Two professors in the School of Information Studies will receive a grant to develop a project assisting educators to enhance children’s creative thinking.

Ruth Small, the Laura J. and L. Douglas Meredith Professor and director of the Center for Digital Literacy, and Marilyn Arnone, a research associate professor, are the two recipients of the grant funded through National Leadership Grant for Libraries and awarded by the Institute of Museum and Library Services (IMLS).

The $249,495 grant will be used to help fund the developing website The Innovation Destination, which is designed for librarians and teachers to encourage students in fourth through eighth grade to enhance their creativity, innovation, inquiry skills and entrepreneurship skills.

Arnone said the website would include resources such as interviews with professionals that explain the process of innovating as well as lesson plans and teaching ideas that foster creative thinking.

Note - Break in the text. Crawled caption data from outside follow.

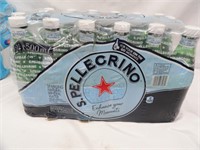San Pellegrino Sparkling Mineral  Water 24-16fl.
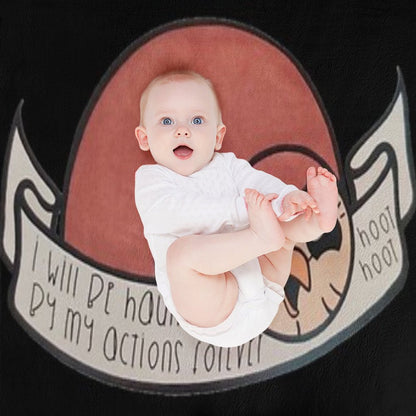 GOOD OWL Perfect Gift  Owl House Gift for Fans Throw Blanket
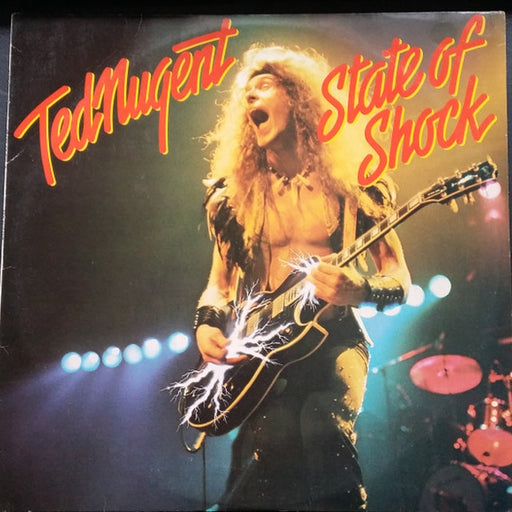 Ted Nugent – State Of Shock (LP, Vinyl Record Album)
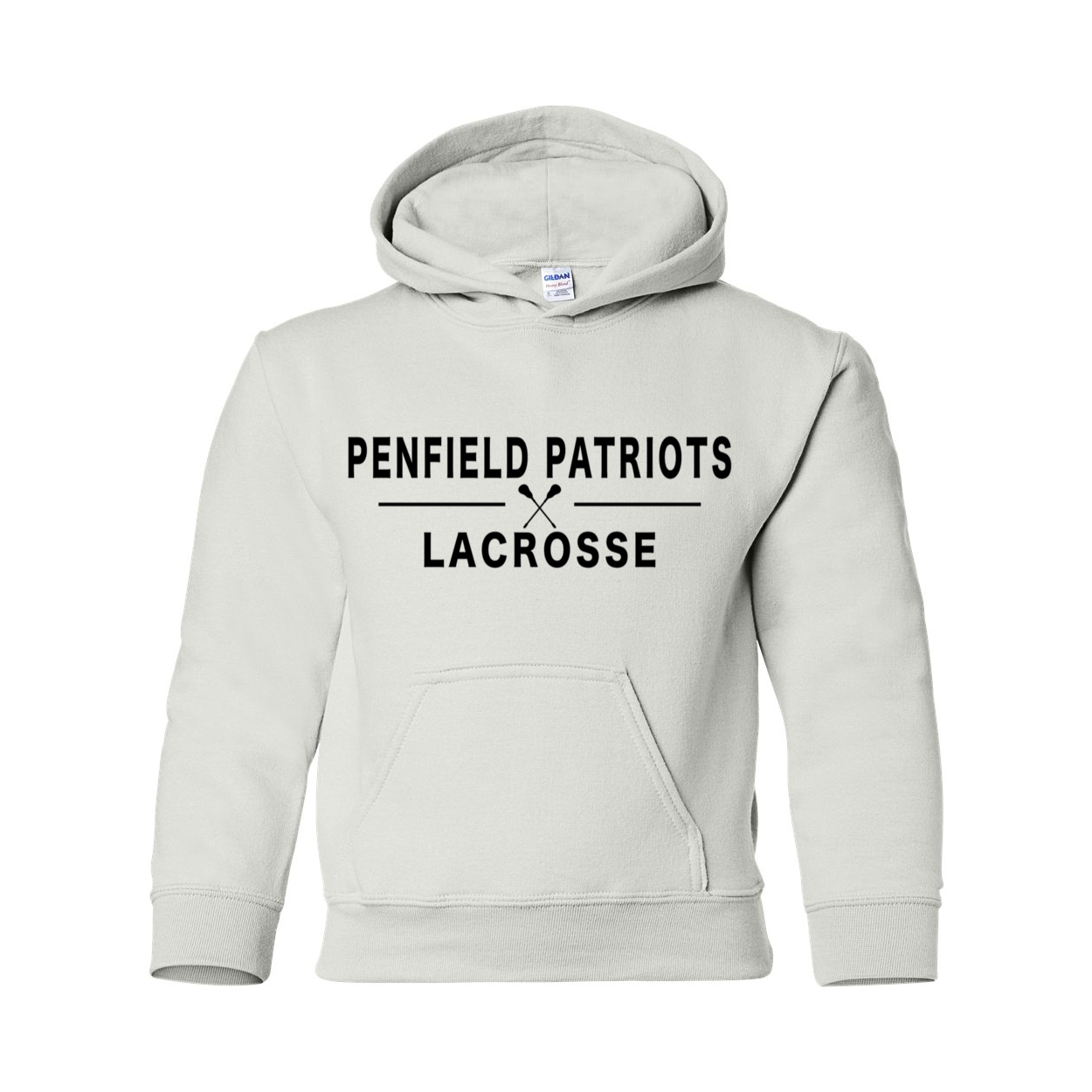 Lacrosse Youth Hooded Sweatshirt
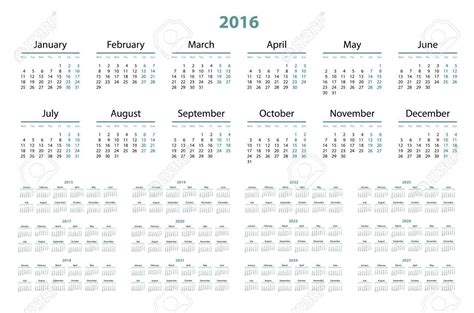 3 Year Calendars 2021 2022 2023 Free Printable Ten Free Printable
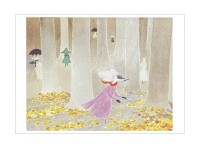 Moomin Postcard - Fillyjonk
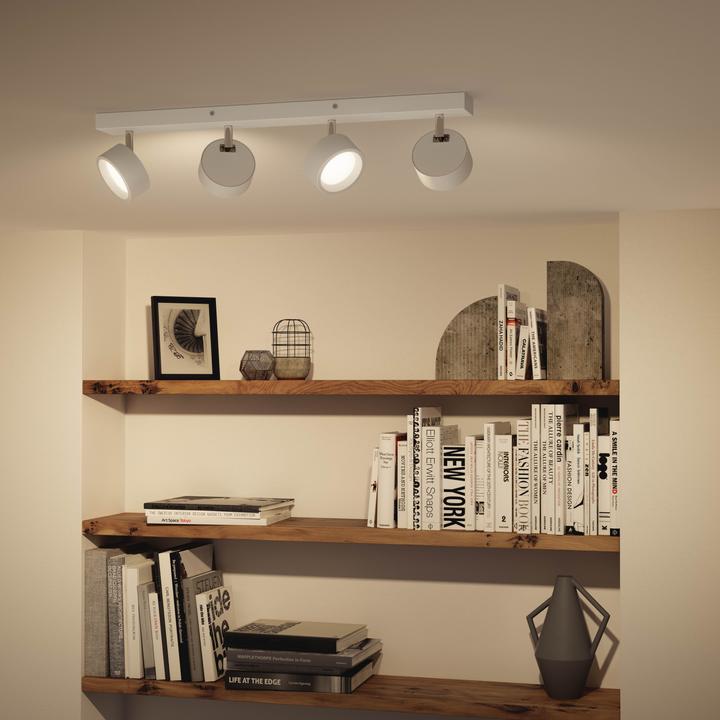 Image du produit Philips Bracia Spot 4x5.5W 2700K blanc (2200 lm)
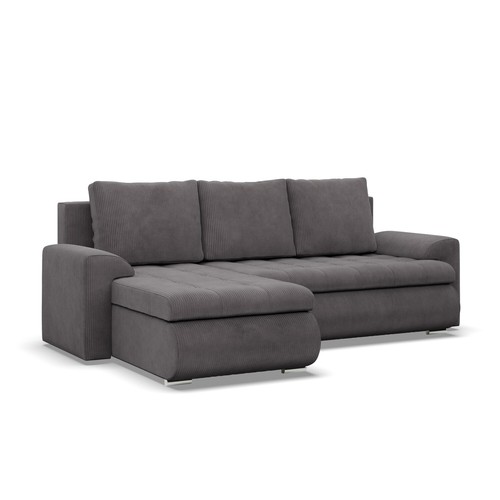 Ecksofa mit Schlaffunktion, Bett, 2 Bettkasten, Links/Rechts FORESTA - Bild 63 von 128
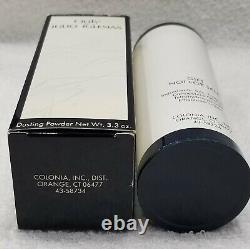 Julio Iglesias ONLY Dusting Powder Talc After-Bath Luxury Fragrance 3.3 oz New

“We really need to provide much more motivation and stimulation of children’s interest in these things,” Arnone said.



Small said creative thinking is especially important in today’s test-heavy society in which students are tested on remembering information rather than synthesizing, analyzing and creating new information.

“Teachers are under the gun to make sure that kids learn fact as opposed to thinking for themselves and coming up with unique solutions to problems,” Small said. “And what really matters in the world is that latter.”

The two professors will be working alongside several organizations to develop the website such as By Kids For Kids, the Connecticut Invention Convention, New York On Tech, Time2Invent, Online Computer Library Center WebJunction and the Center for Mentoring Excellence.

Small said she first became interested in the area of youth innovation about a decade ago when she attended a conference as director of the Center for Digital Literacy. Small added that she conducted a research study three years ago using kids who took part in the Connecticut Invention Convention, a statewide competition program of children’s critical thinking skills.

“Through that [research], I found that while teachers do play a role in supporting innovating kids, librarians much less so,” Small said. “And in fact, kids had a very narrow view of what librarians could do for them.”

Small added that she thought this was an issue and wanted to address it in some way.

Through the project, Small said she hopes librarians will play an active role in promoting innovative thinking. She said part of the project will train school librarians to be mentors.

Melissa Porter, a librarian at Fabius-Pompey Elementary School, said she would be interested in using the website.

“I think I would probably use it as a resource to show what administrators, teachers and librarians can do to help not just in the library, but in the classrooms as well,” Porter said.

Small said she learned about the grant in a Sept. 7 announcement and was excited.

“I have had over a dozen funded projects from IMLS so I am pretty well-known and I think that we have done some remarkable work, not just for myself, but for the people who I worked with on these projects,” Small said.

Small said the actual project would launch on Dec. 1, when the grant is provided and devoted for training and development of resources on the website. The website itself will not be live for another year.